Blockchains operate in accordance with unique protocols, rules and governance models. For blockchains to cross-communicate, solutions called bridges are necessary. Bridging solutions make it possible for otherwise disparate blockchains to interoperate.
Loosely speaking, bridges let you use cryptocurrencies or tokens on blockchains to which they are not native. (This involves something called ‘wrapping’. More on this in ‘What Is Tokenised BTC On Ethereum?’.)
The designs and security of bridges vary greatly. Centralised bridges depend on a trusted party or parties, whereas trustless bridges depend on code to execute cross-chain transfers.
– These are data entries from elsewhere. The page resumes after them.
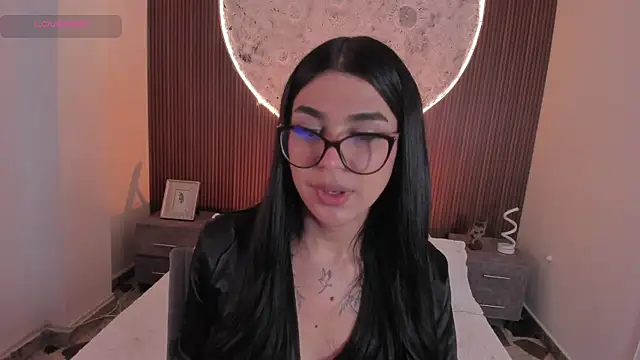 Pertunjukan Kamera Web RoseCassie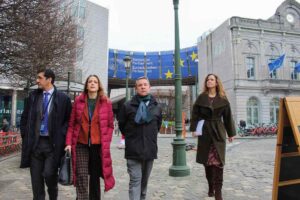 Emiliano García-Page y la delegación regional, en Bruselas.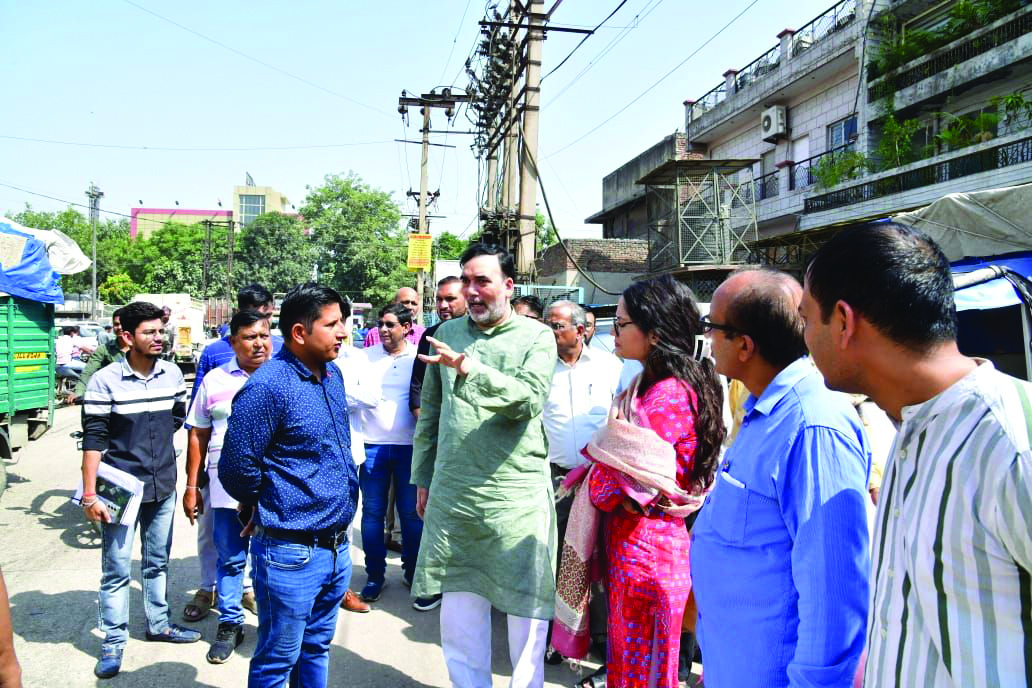 Gopal Rai launches month-long drive to combat dust pollution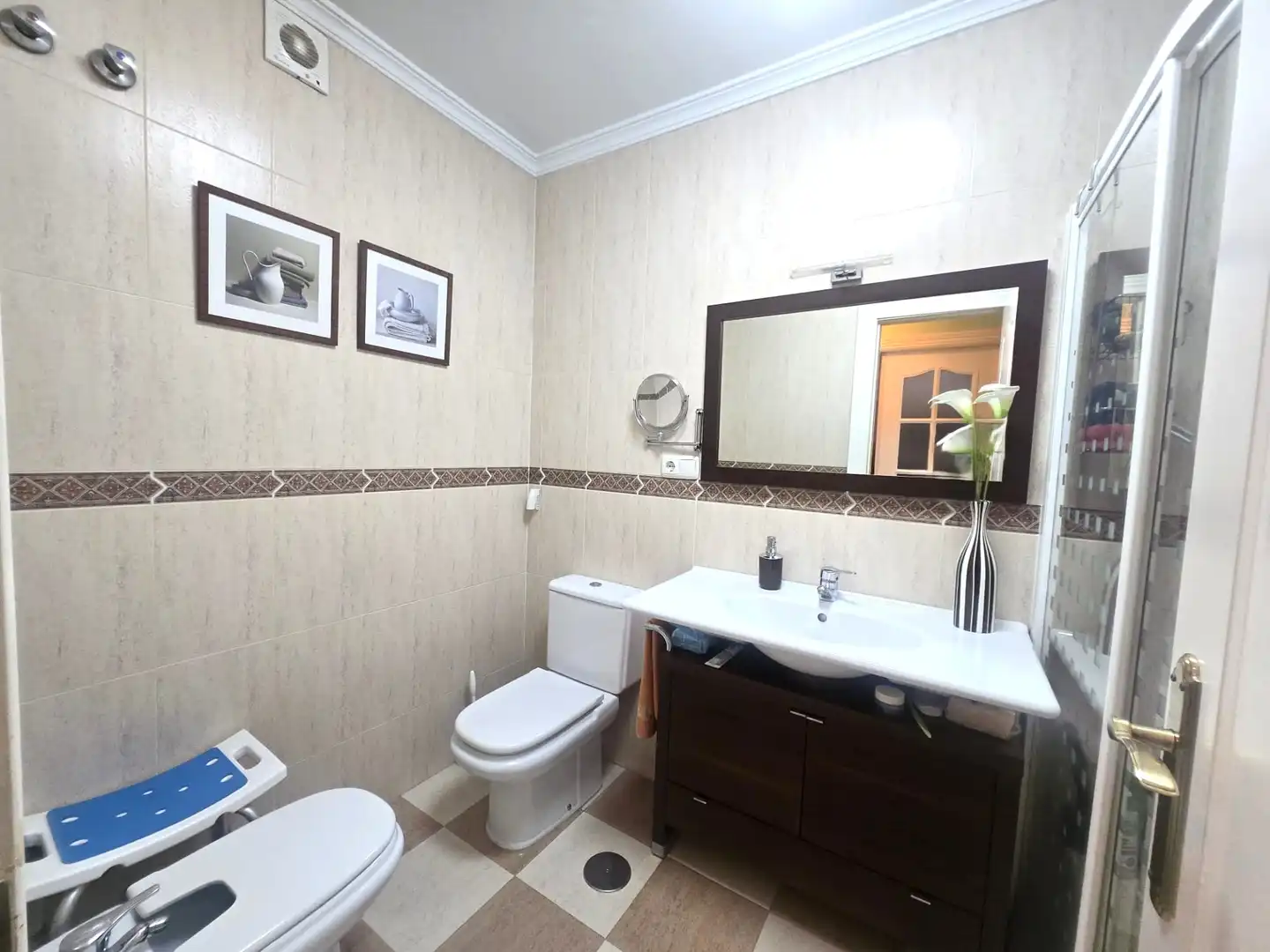 Bathroom of Flat for sale in Rincón de la Victoria  with Air Conditioner, Terrace and Storage room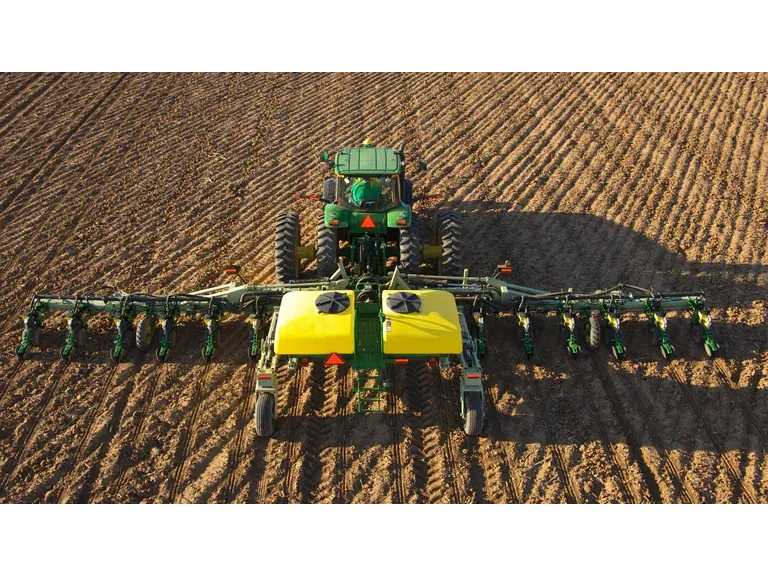 2026 John Deere DR18 DR18 Planter alt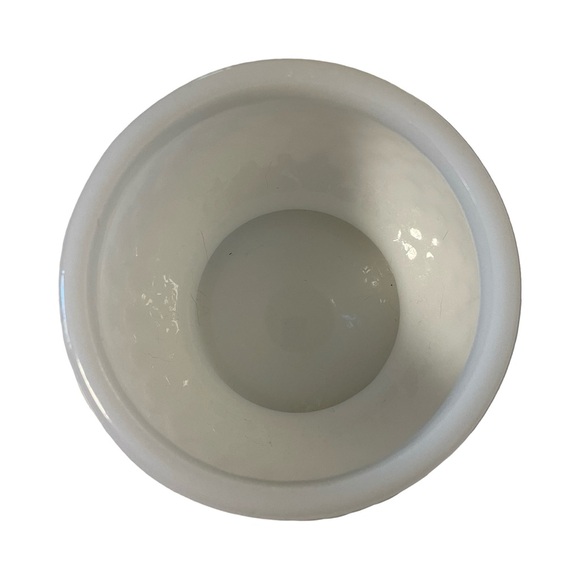 Vintage E.O. Brody White Milk Glass Hobnail Vase – Excellent Condition 🌟 - Picture 3 of 5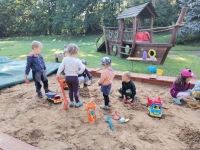 Společné hraní na zahradě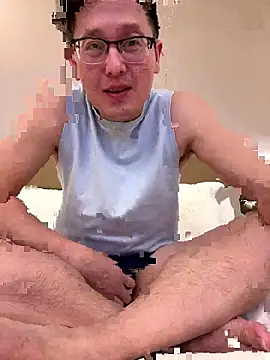 maxime0928 online show from 01-11-26, 04:34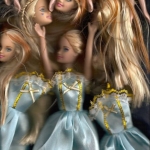 juichende Barbies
How Do Blockchain Bridges Work?
If you own ETH on Ethereum and want to use it on the Polygon network, for example, you must send it across via a bridge.
A bridge automates this procedure and guarantees the ‘locking’ and ‘unlocking’ of tokens on either side of the bridge. The bridging process essentially ‘locks’ the ETH on the native Ethereum network via a smart contract or trusted network participant. Another smart contract then ‘mints’ an equal number of ETH represented on Polygon.
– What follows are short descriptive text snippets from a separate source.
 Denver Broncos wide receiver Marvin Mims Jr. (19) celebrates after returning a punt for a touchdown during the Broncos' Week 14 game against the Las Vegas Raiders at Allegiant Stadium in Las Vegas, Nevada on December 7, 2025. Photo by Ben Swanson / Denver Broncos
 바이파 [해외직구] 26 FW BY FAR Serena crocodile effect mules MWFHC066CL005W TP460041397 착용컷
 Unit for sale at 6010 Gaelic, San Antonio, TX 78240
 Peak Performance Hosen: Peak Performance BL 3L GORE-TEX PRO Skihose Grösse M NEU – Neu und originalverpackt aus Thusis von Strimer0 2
As a 1-to-1 bridge, only one or the other can be unlocked. Since smart contracts are automating these transfers, a double spend is highly unlikely to occur. One way that bridges make sure of this is to use ‘checkpoints’ or other labels for milestones. For example, waiting at least 10 confirmations for the initial deposit of ETH into the blockchain bridge smart contract ensures that the ‘minting’ smart contract can proceed safely.
Because of this, bridging solutions can take several minutes to hours in order to fully process a request. (See this blog post if you’re interested in reading more about blockchain bridges.)
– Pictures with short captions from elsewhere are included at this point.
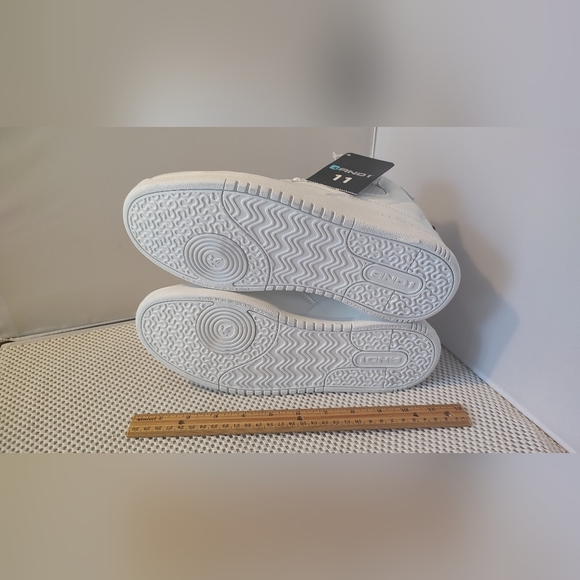 AND1 Women's Size 11 High-Top Basketball Sneakers NWT - Picture 4 of 4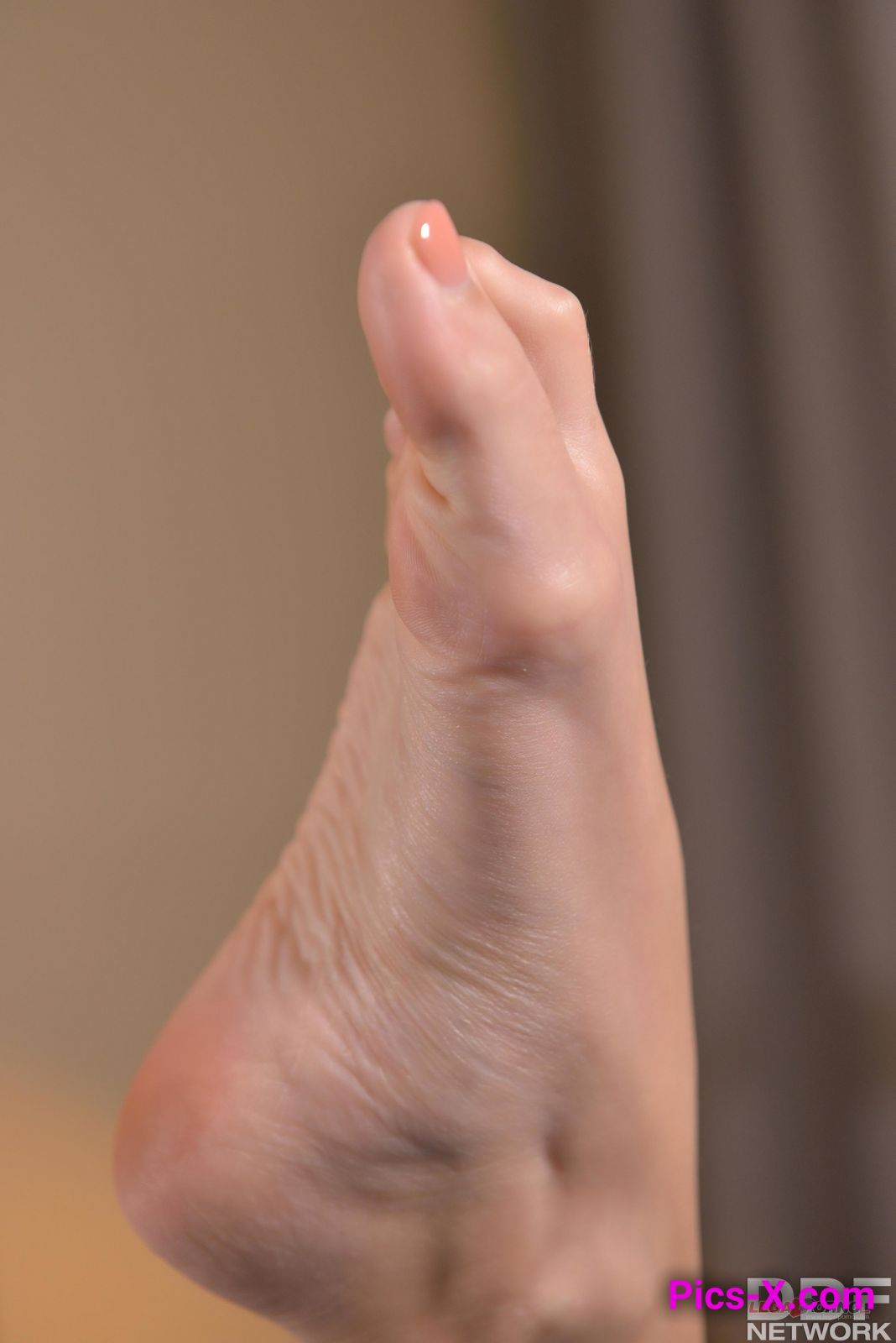 Longing For Legs: Slim Foot Fetish Goddess Fingers Her Pussy - Porn World - Image 20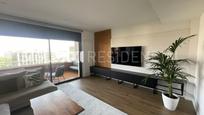 Sala d'estar de Pis en venda en  Barcelona Capital amb Aire condicionat, Calefacció i Terrassa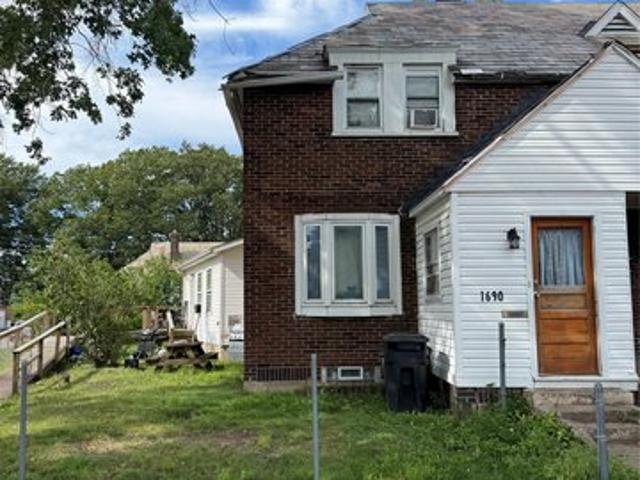 Townhouse for sale in Erie, Pennsylvania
Whilst blockchain bridges connect two completely different blockchains, sidechain bridges connect a ‘parent’ or ‘main’ blockchain (e.g. Ethereum or Bitcoin) with its ‘child’ or ‘side’ chain. Ronin and xDai are examples of sidechains. Each of them are maintained by a set of validators and periodically reference the Ethereum blockchain.
Most Widely Used Bridge Solutions
Bitcoin and Ethereum are layer-1 (L1) blockchains. People usually want to represent these in layer-2 (L2) blockchains or sidechains. Whilst many L1↔L2 bridges exist, there few L2↔L2 bridging solutions. This will become possible as bridging technologies advance.
How to set up a custom RPC
MetaMask is a widely used wallet that has bridging capabilities as it allows users to add custom Remote Procedure Call (RPC) networks that open access to L2 blockchains. (See this Daily Post by Nathan for more on setting up custom RPCs on MetaMask.)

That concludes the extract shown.